--- YOUR OBJECTIVE ---
Print, word for word, every line from the beginning of the listing up to and including the line with "For Xiaomi Mi". Pictures are to be excluded.

--- SOURCE DATA ---
########

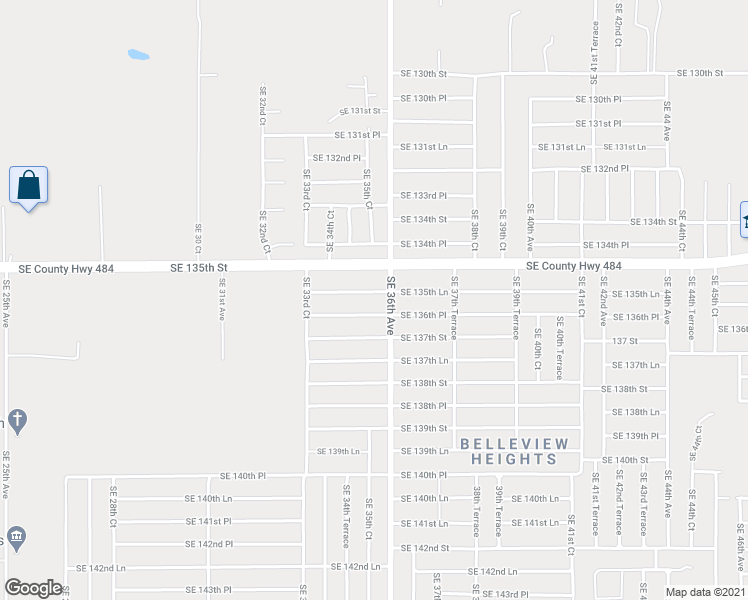 map of restaurants, bars, coffee shops, grocery stores, and more near 3560 Southeast 135th Lane in Summerfield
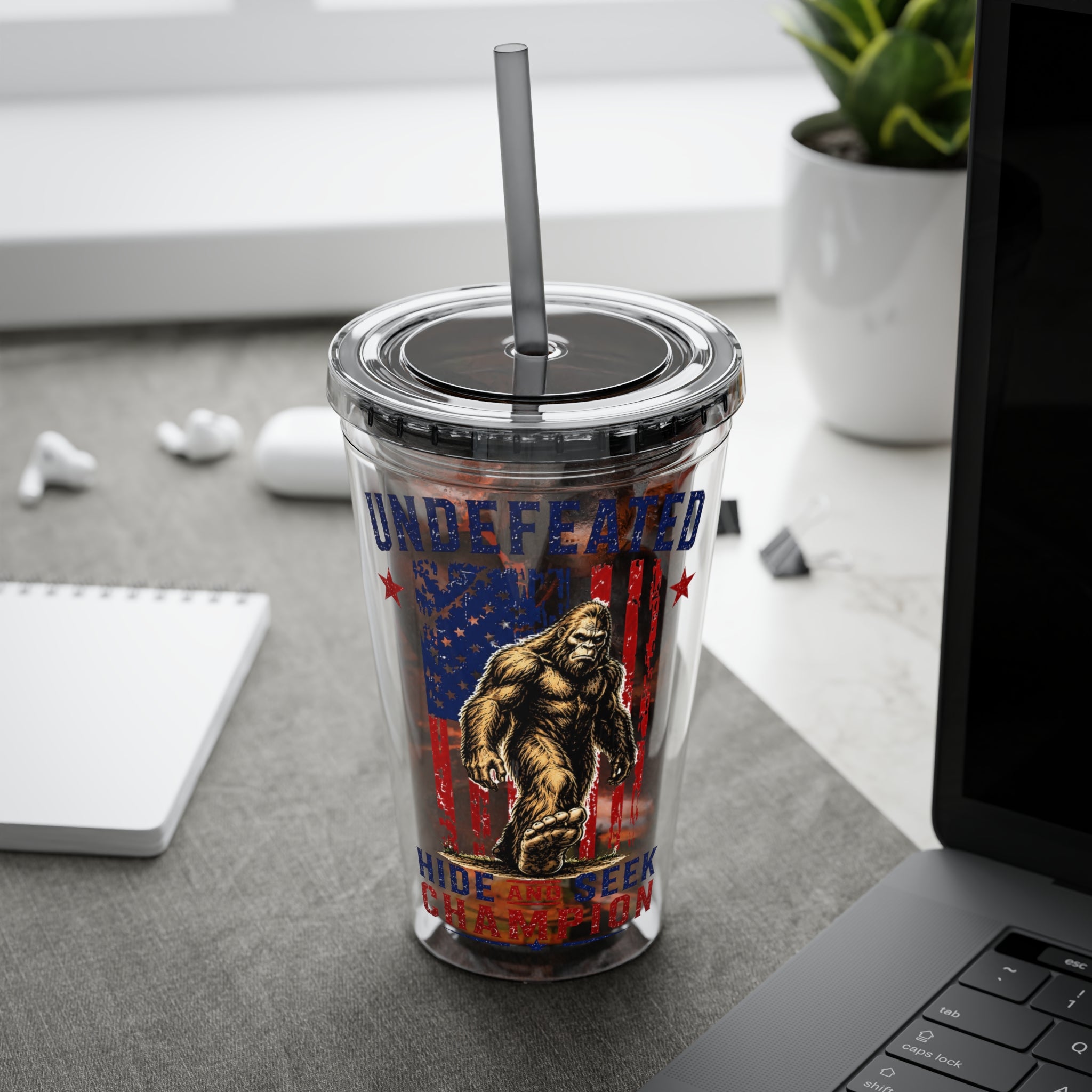 Undefeated Hide & Seek Champion 4th of July Sunsplash Tumbler with Straw, 16oz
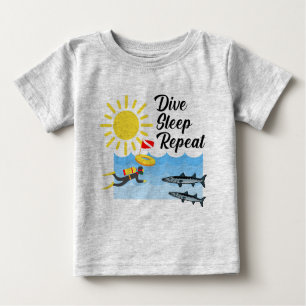 Camiseta Para Bebê Dive Sleep Repetir Design - Baby Fine Jersey T-Shi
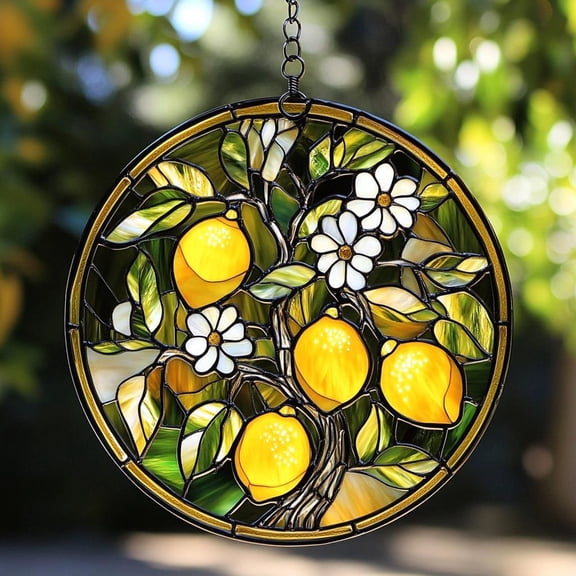 Lemon Tree Acrylic Suncatcher - Faux Stained Glass Citrus Window Hanging with Daisies - Summer Kitchen Decor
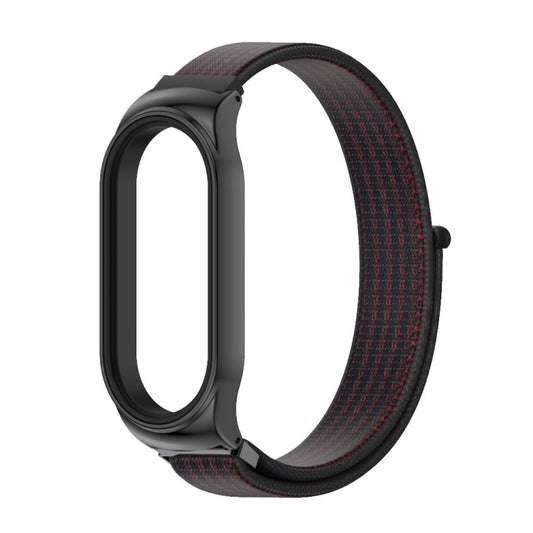 For Xiaomi Mi Band 7 / 7 NFC MIJOBS CS Stainless Steel Case Nylon Watch Band(Black Red) by MIJOBS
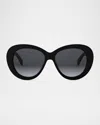 Celine Triomphe Logo Oval Acetate Sunglasses In Shiny Black Gradient Smoke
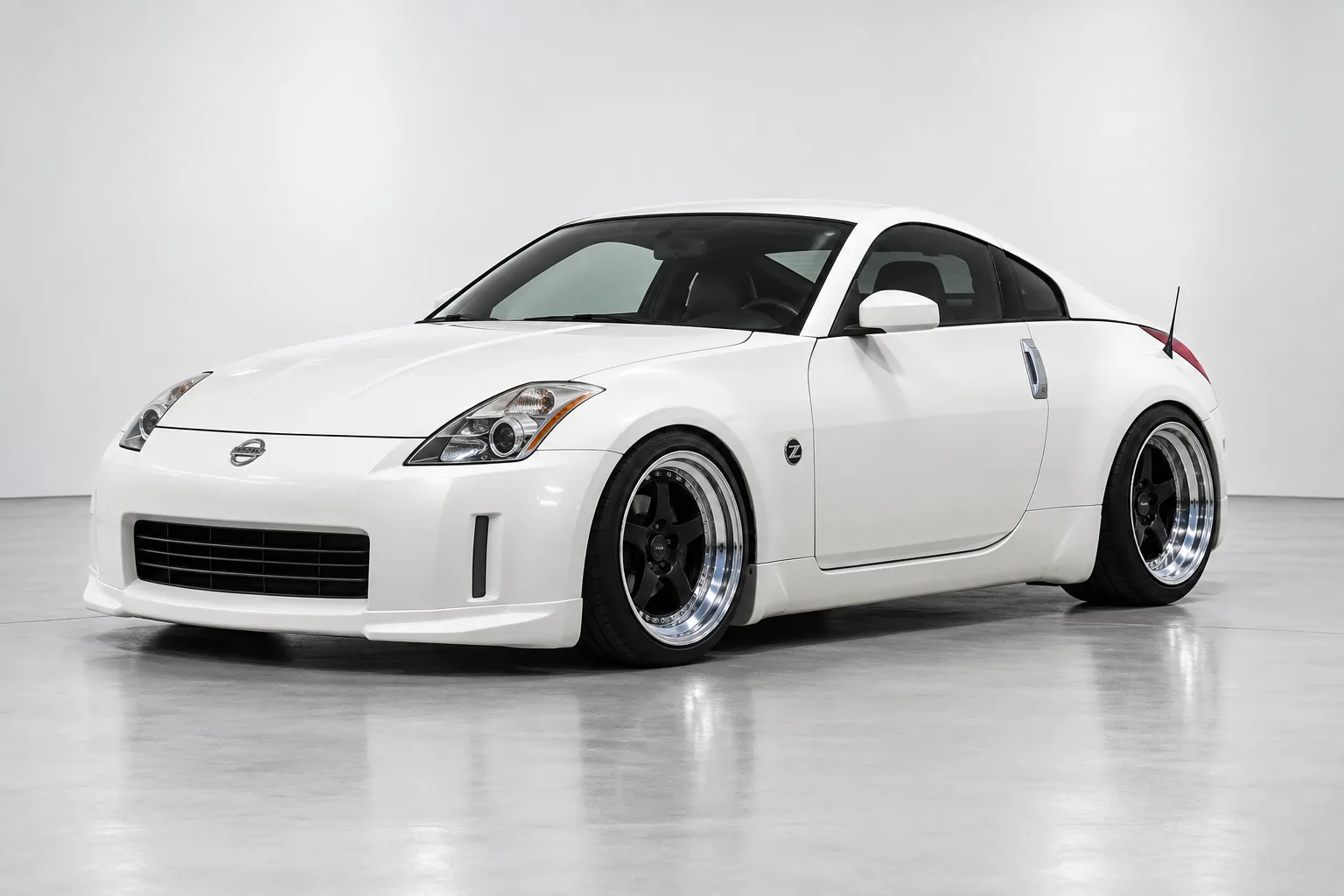 AI-generated view of a 2004 Nissan 350Z with Work Meister S1 3-piece wheels
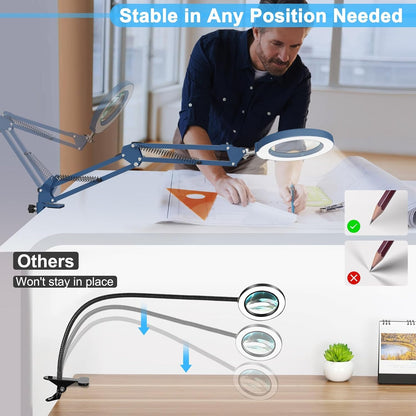 10X Magnifying Glass with Light and Clamp, Real Glass Stand Lighted Magnifier, 5 Color Modes Stepless Dimmable LED Desk Lamp Hands Free for Crafts Hobby Reading Painting Sewing Close Work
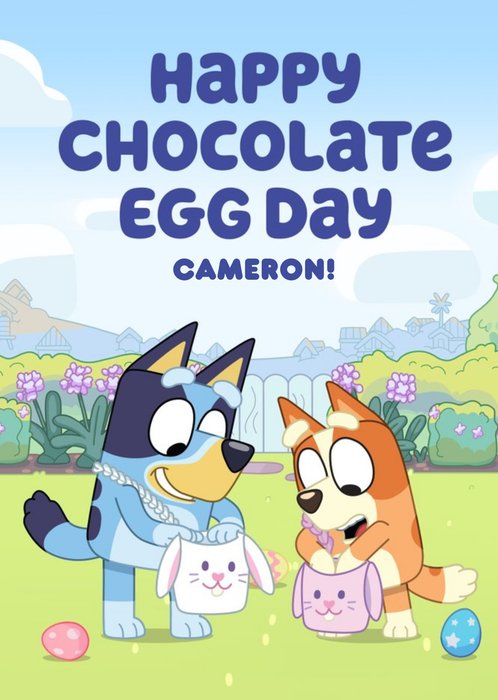 Bluey Fun Happy Chocolate Egg Day Easter Card Moonpig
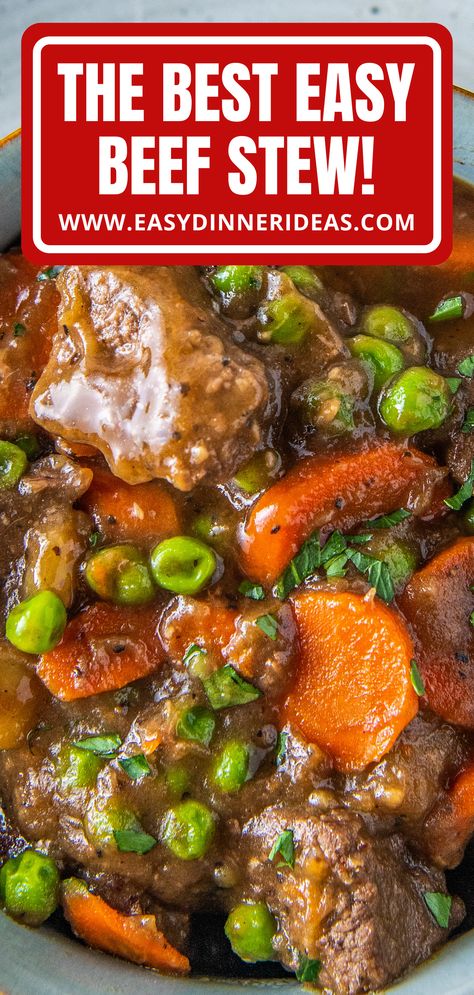 This homestyle Beef Stew recipe is a classic meal that we all remember from our childhood. The one-pot dinner is cooked slowly on the stovetop and has tender beef and vegetables that are cooked in thick and rich beef gravy. It takes a little time to make, but the steps are so simple. It's a cozy and comforting meal that is worth every minute. Old Fashioned Beef Stew Recipes, Beef Stew Packet Recipe, Five Hour Beef Stew, Hardy Beef Stew, Southern Stew Beef Recipes, Stew On Stovetop, Thick And Hearty Beef Stew, Beef Stew Brown Gravy, Beef Stew Creamy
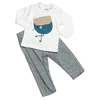 Set tričko s dlouhým rukávem a kalhoty, bílá/šedá, 86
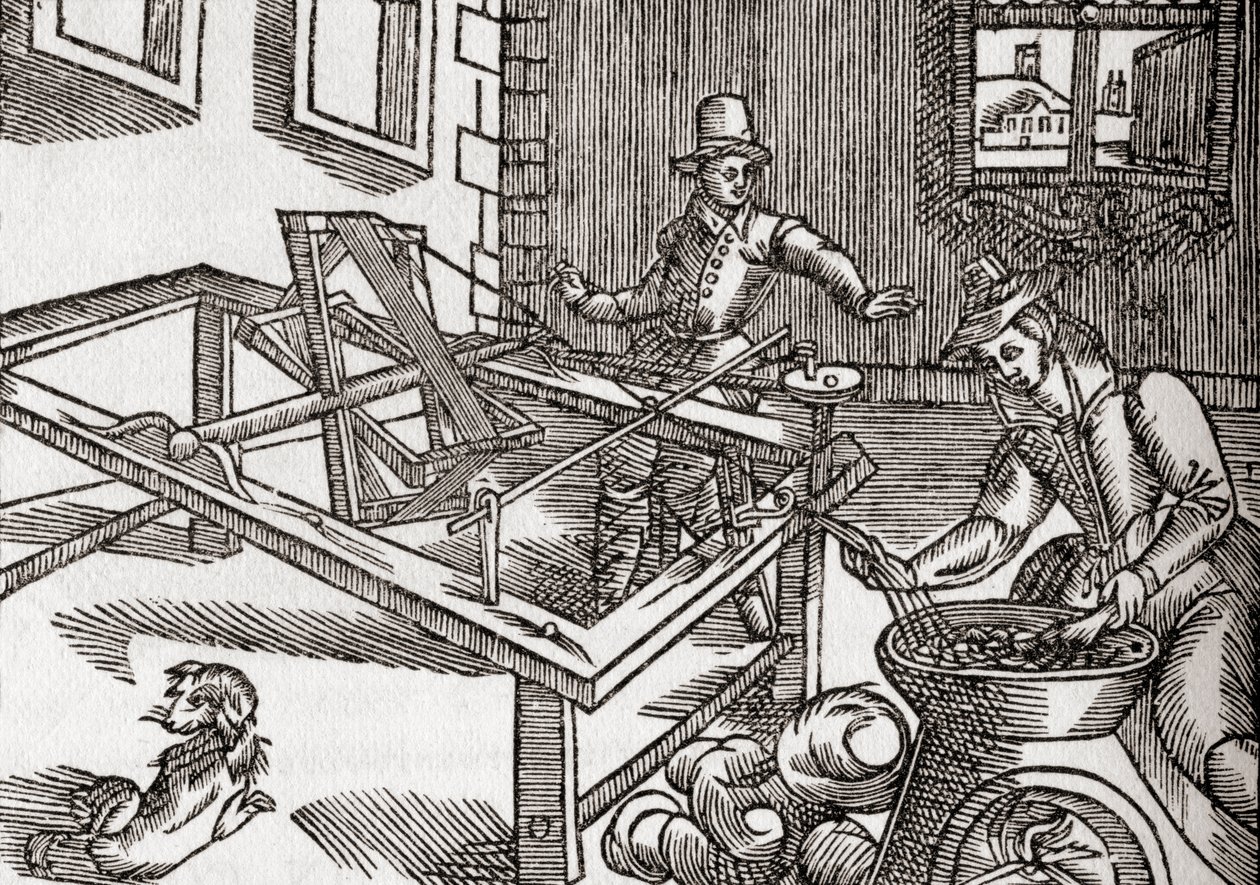 Silkeslindning, faksimil av en bild i Edward Williams "Virginia Truly Valued", 1650, från "The Century Illustrated Monthly Magazine", publicerad 1884 (litho) av (after) American School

########

--- RESPONSE TO THE TASK ---
 map of restaurants, bars, coffee shops, grocery stores, and more near 3560 Southeast 135th Lane in Summerfield
 Undefeated Hide & Seek Champion 4th of July Sunsplash Tumbler with Straw, 16oz
 Camiseta Para Bebê Dive Sleep Repetir Design - Baby Fine Jersey T-Shi
 Lemon Tree Acrylic Suncatcher - Faux Stained Glass Citrus Window Hanging with Daisies - Summer Kitchen Decor
 For Xiaomi Mi Band 7 / 7 NFC MIJOBS CS Stainless Steel Case Nylon Watch Band(Black Red) by MIJOBS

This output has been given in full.